Я уже не говорю о том, что, во-первых, хаос выпускает из бутылки таких джиннов, которые могут уничтожить хозяина-чародея. Во-вторых, ни один гроссмейстер не может просчитать все варианты. Поэтому окончу нашу беседу примером из истории государства, с которого мы начали беседу – Римской империей.
451 год. Римляне под руководством последнего своего великого полководца Аэция и их союзники визиготы под предводводительством Теодориха (прототип толкиновского короля Теодена) сошлись в битве с гуннами на Каталаунских полях (прототип битвы на Пелинорских полях из «Властелина колец»). После лютой сечи под дождем Аттила отступил, но на следующий день Аэций не стал продолжать сражение. Он просчитал перспективу: Теодорих – союзник ненадежный, и в будущих раскладах, в том числе внутриримских Аттила может пригодиться.
Аэций, казалось, просчитал все – кроме одного: он не знал, что император Валентиниан III уже приказал убить его по возвращении в Рим.
Просчитывают ли Властелины Мирового Хаоса то, что во чреве их общества, подобно «чужим», «aliens», в человеческом организме уже вызревают грядущие аттилы? И как знать, не взорвут ли они изнутри, творимый глобалами Новый Мировой Хаосопорядок именно в тот момент, когда будет казаться, что Новый Мировой Хаосопорядок становится реальностью, а?
Беседовала Наталья Демченко
Источник: "Terra America"
КОММЕНТАРИЙ
Никогда никакие "глобальные игроки" не будут представлять никакой силы в геополитике, если они для своих глобальных целей не имеют в своем управлении такой мощный геополитический ресурс как государственность. Государственная власть – мощнейший политико-экономический ресурс, который только и позволяет личностям, имеющим глобальные политические амбиции, представлять реальную силу в геополитике, а не просто самих себя, до которых никому нет никакого дела. Транснациональные олигархичесие группы, о которых пишется в статье, затем и ведут между собой противобоство, чтобы обладать этим ресурсом.
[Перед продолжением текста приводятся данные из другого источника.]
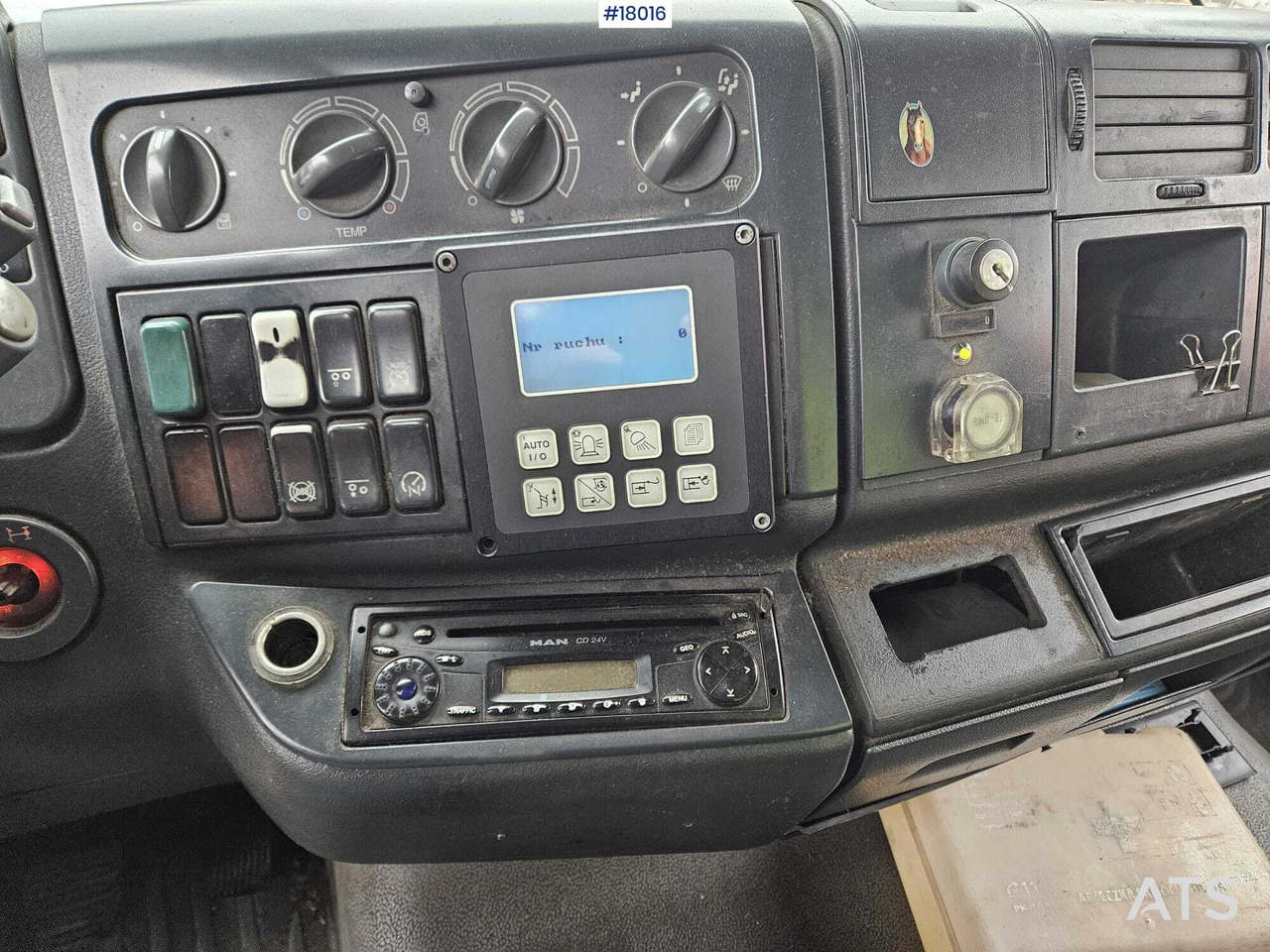 Garbage truck Truck MAN TGA 26.320 (2007) with EKOCEL MEDIUM XL garbage truck body.: picture 13 Garbage truck Truck MAN TGA 26.320 (2007) with EKOCEL MEDIUM XL garbage truck body.: picture 13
Финансовой олигархии нужна мировая власть, власть над всем миром не только экономическая, но и политическая, только так она может решить свои проблемы. А для этого нужно мощное в военном отношении государство, в разы превосходящее всех остальных и идеологическая база, служащая идейной основой объединения мира. Т.е. борьба транснациональных финансовых групп ведется за право использовать в своих интересах ресурсы государственности США – пропаганду, армию и спецслужбы.
Внутри и между этими мировыми олигархическими группами хватает противоречий, для того, чтобы противостоять их безумной и губительной для человечества политике. Не случайно и ситуация в мире развивается совсем не так, как то предсказывали в своих работах такие "талантливые шахматисты" как Бжезинский.
Реальная политика – это не шахматы, а государства и народы не пешки, а живые соборные организмы, которые подвигаются на поступки не волею какого-то "шахматиста", а пониманием своих исторических задач и миссий. Незнание этого и делает всех подобных гроссмейстеров-теоретиков фактическими неудачниками в долгосрочной геополитике.
А удача будет на стороне тех, кто понимая миссию своего народа (а не корыстных интересов элиты), действует смело и ответственно не боясь противостоять планам насаждения тиранического мироустройства, в которых создание "хаосопорядка" (как сказано в статье) есть лишь необходимая на данный момент промежуточная стадия.